As for DCF analysis, I find it really difficult to estimate the future dilution potential of incentive options. To do it right, you not only have to estimate when the currently issued options are exercised, but you also have to estimate the company's propensity to issue future options and what those exercise prices and dates might be. With some of the option happy tech companies and the often habitual repricing of existing options, this uncertainty alone is enough to make DCF analysis completely worthless. Your thoughts...

Post  40510  by  Warstud       Reply
VTSS just hit $1.12. eom

Post  40511  by  Decomposed       Reply
SANM just hit my target, and I sold at $3.53 for an 18% gain. Not a bad one-day turnaround!

Thanks again for the tip, Briguy.

Post  40512  by  pricegriz       Reply

I have first hand experience of what the ECM's are going through "in spades", "with 5 no-trump" last called, by them!

The conversation here has been about strongest placed in current pack of OEM suppliers and, given that theme , am happy with the content of both exchanges.

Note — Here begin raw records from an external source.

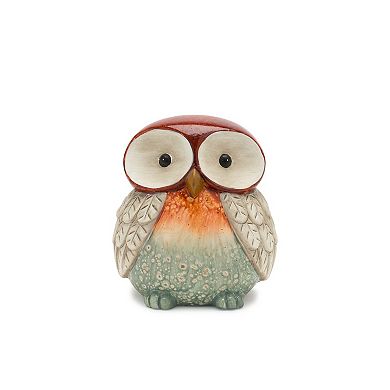 Terra Cotta Owl Figurine With Glazed Accents (set Of 2)
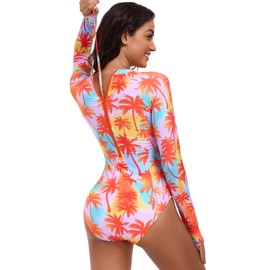 Ocean Blues Women's Leaf Print Lond Sleeves One Piece Bathing Suit Sun Protection Swimwear UV UPF 50+ Rash Guard Zipper Swimsuit Size Large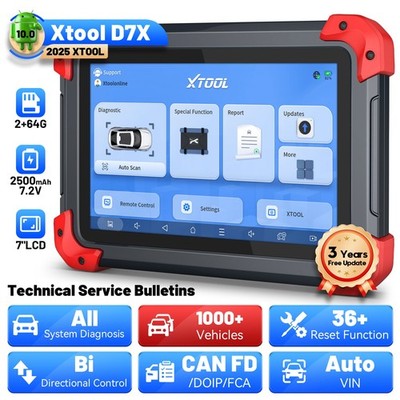 XTOOL D7X V2.0 Auto OBD2 Scanner Code Reader All System Diagnosis 36+ Resets FCA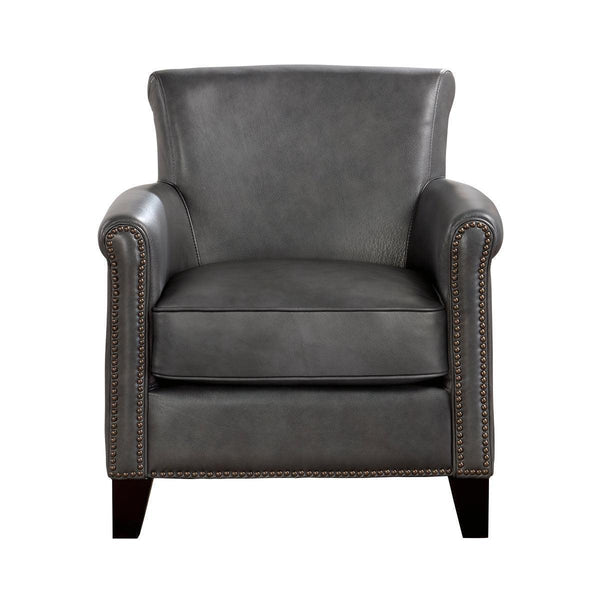 Braintree Gray Leather Accent Chair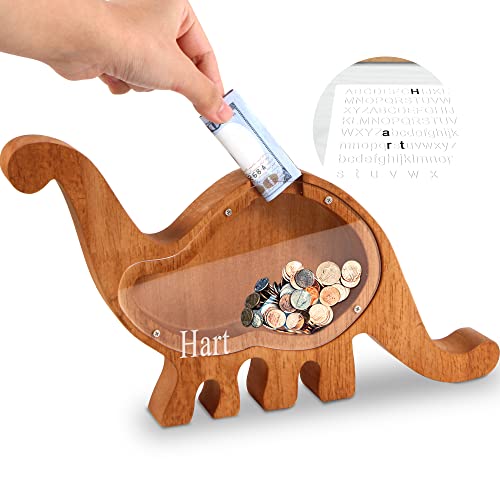 Piggy-Bank For Kids Boys Girls Large Piggy Banks 26 English Alphabet Letter,Personalized Wooden,Transparent Money Saving Box Custom Text Name Diy Creative Gift For Real-Money (L+ Dinosaur) #TOP2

The conversation as to the longevity of this or any other business sector speciality in this market is unknown at this time. If ECM's do not eventually prosper then OEM's will have to complete in house. Not the most efficient on a cash basis but controleable from financial and customer standpoint. Afterall there are plenty of component stuffing machines out there right now, gathering dust.

Regards - Griz

Post  40514  by  Arkural       Reply
Emc-GS, like the rest of the forked-tongue houses, GS's gal puts in a d.grade NOW. What about when it was 50 dear? What about all these months on its way down, dear?
This is WS at work, they leave their previous ratings, sometimes for months. It's like unregulated business dealings. . . .So let me see you told me/retail, you and my broker, to buy at 50 and NOW you are telling me a d.grade, hmmmmmm. WHY didn't my broker call me and tell me, the dumb money, to get out when it broke major support, how come?
When you know the answer you will know why many brokers are proxies for something else that have nothing to do with your best interests. Why didn't your broker tell you to short stks like Emc a year or two ago, hmmmm?

Besides why so many reiterations of Emc and Sunw d.grade. How come when they spoke of Naz d. grades they included Emc, a listed security. Is that just poor journalism or something else?


Alice in Wonderland

Post  40516  by  Tampathom       Reply
GS downgrades EMC.

Isn't it just like them. Makes you wonder if anything has changed at the major brokerage houses.

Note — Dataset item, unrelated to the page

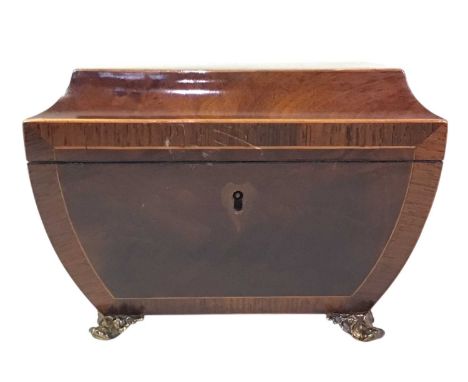 VICTORIAN MAHOGANY AND ROSEWOOD TEA CADDY, MID / LATE 19TH CENTURY of sarcophagus form, with two division interior, twin ring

Post  40518  by  pmcw       Reply
TYC had a reputation for buying losers????????? Not if you knew some of their major acquisitions. Let me give you one example. They bought AMP which was the largest and best run connector company on the planet and then proceeded to decimate it. Sure they cut costs, but at what price. Every employee I spoke with a year after the acquisition (those still there and those not) hated the acquisition. This sets at the foundation of my very strong dislike for TYC.

If you want another example of how TYC works, talk with a company that has been associated with the marketing arm of ADT. IMO, their tactics are despicable and dishonest!

Regards, pmcw

Post  40519  by  pmcw       Reply
One of my favorite posters from the XICO thread on Yahoo asked me several questions. When I tried to answer his questions on Yahoo it said my post was too long. Rather than accommodate a stupid system I decided to post the answers here. I hope you don't mind.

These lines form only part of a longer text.